Anche con riferimento all'affitto d'azienda potrebbero sorgere gli stessi dubbi sull'obbligatorietà della mediazione nei casi in cui le parti optino per lo scioglimento del contratto ai sensi dell'art. 79 l. fall. Anche in questi casi, però, la controversia non attiene propriamente all'esecuzione ordinaria del contratto, ma deriva dal mutamento della posizione giuridica di un contraente.
Si tratta comunque, per il momento, di argomenti nuovi sui quali, allo stato, non sono note pronunce giurisprudenziali di merito.
Al di là delle problematiche connesse con il tema dell' obbligatorietà della mediazione nel fallimento, è interessante notare come nulla invece impedisca l'attivazione volontaria della mediazione, che dunque può essere proposta dal curatore nei confronti di qualsiasi controparte egli ritenga obbligata verso il fallimento, invitandola davanti al mediatore al fine di trovare una soluzione conciliativa che eviti i rischi e le lungaggini della lite giudiziaria.
Peraltro anche per la mediazione volontaria promossa davanti all'organismo di mediazione valgono le medesime norme procedurali che si applicano alla mediazione obbligatoria, essendo identici gli effetti e le utilità che l'una e l'altra possono produrre.
La mediazione volontaria promossa davanti ad un organismo istituzionale che dia le necessarie garanzie di serietà può dunque rappresentare un valido strumento preventivo di soluzione dei conflitti in sede stragiudiziale.
In particolare, le motivazioni che portano a favorire il ricorso alla mediazione rispetto al giudizio civile sono varie, ma tra tutte si possono ricordare:
1. La celerità non potendo, per legge durare più di quattro mesi. Vincolo comunque ordinatorio che può essere superato con l'accordo delle parti. Inoltre il primo incontro tra le parti dovrà essere fissato entro quindici giorni dalla comunicazione della domanda di mediazione;
2. L'economicità, non essendo prevista l'obbligatorietà della tutela legale ed essendo i costi del servizio prestabiliti per legge (D.M. 180/2010) che varia in modo crescente da un minimo di € 65 per le controversie avente valore fino a € 1.000 ad un massimo di € 9.200 per le controversie con valore superiore a € 5.000.000.
Inoltre gli organismi di mediazione possono derogare alla tariffa legale qualora lo prevedano i regolamenti di cui si sono dotati.
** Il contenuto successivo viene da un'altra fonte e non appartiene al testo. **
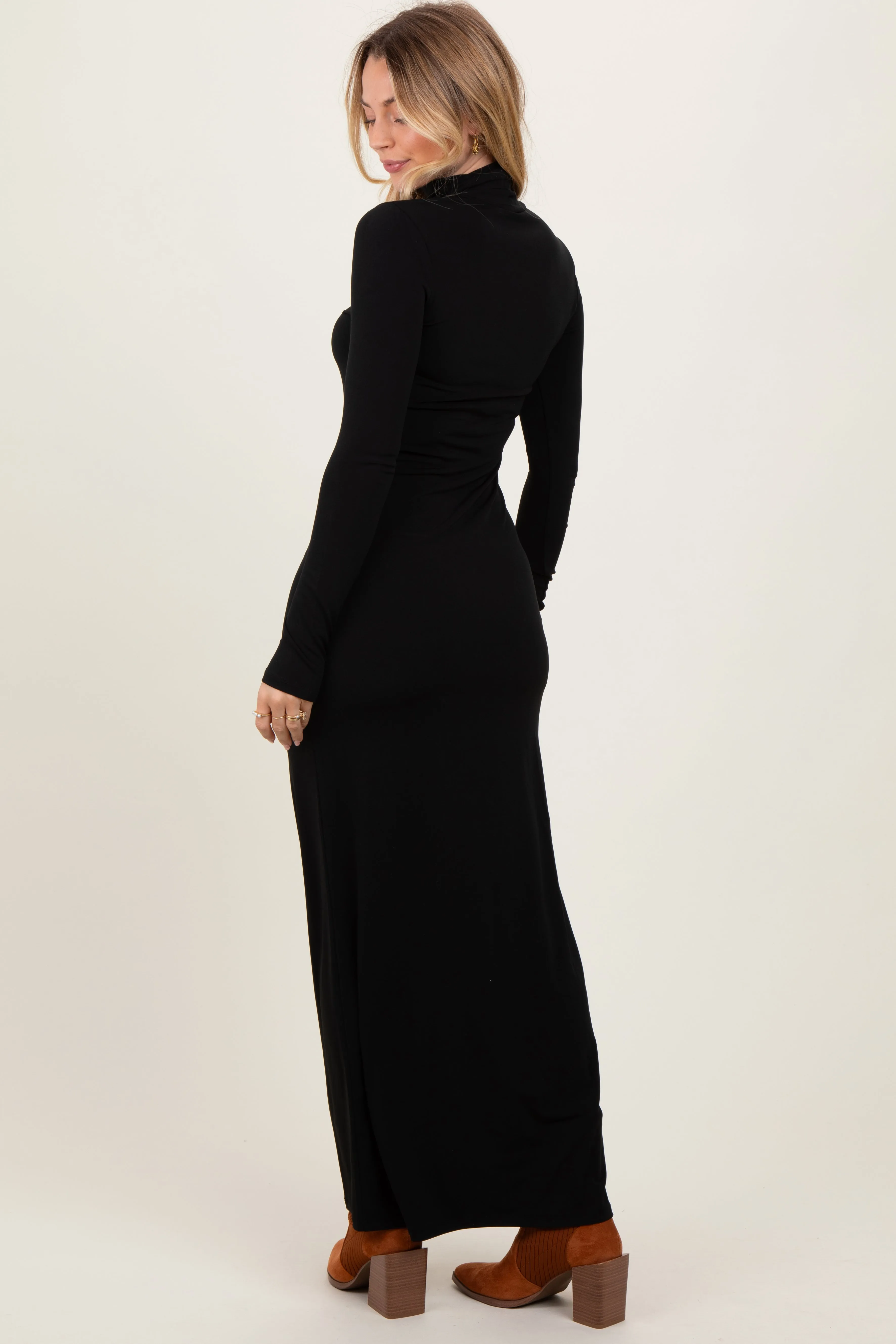 Black Turtleneck Long Sleeve Fitted Maxi Dress sold by Pinkblush product image thumbnail 3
Il ricorso alla mediazione consente l'individuazione, da parte dell'organismo, di mediatori competenti, in particolare in materie per le quali è necessaria una specifica competenza tecnica.
Al riguardo può ritenersi che nel contenzioso fallimentare - a parte l'ambito delle revocatorie - l'azione di responsabilità contro amministratori e sindaci di società fallite sia forse la materia che meglio si presta alla mediazione, sia in considerazione dei costi e dei tempi particolarmente elevati dell'alternativa lite giudiziaria; sia per il fatto che i professionisti che ricoprono la carica di sindaco potrebbero preferire la soluzione non giudiziaria della controversia anche per preservare la propria immagine dal rischio di un pubblico svilimento e discredito; sia per il contributo tecnico che il mediatore appartenente ad organismi particolarmente qualificati può garantire ricercando in modo equanime un accordo transattivo tra il professionista e il fallimento.
Inutile dire, poi, che l'introduzione dell'uso facoltativo della mediazione nel fallimento potrebbe comunque ridurre in generale i costi legali ed i tempi lunghi delle procedure, che per i creditori costituiscono un danno ulteriore rispetto a quello già inferto loro direttamente dal debitore a causa della sua insolvenza.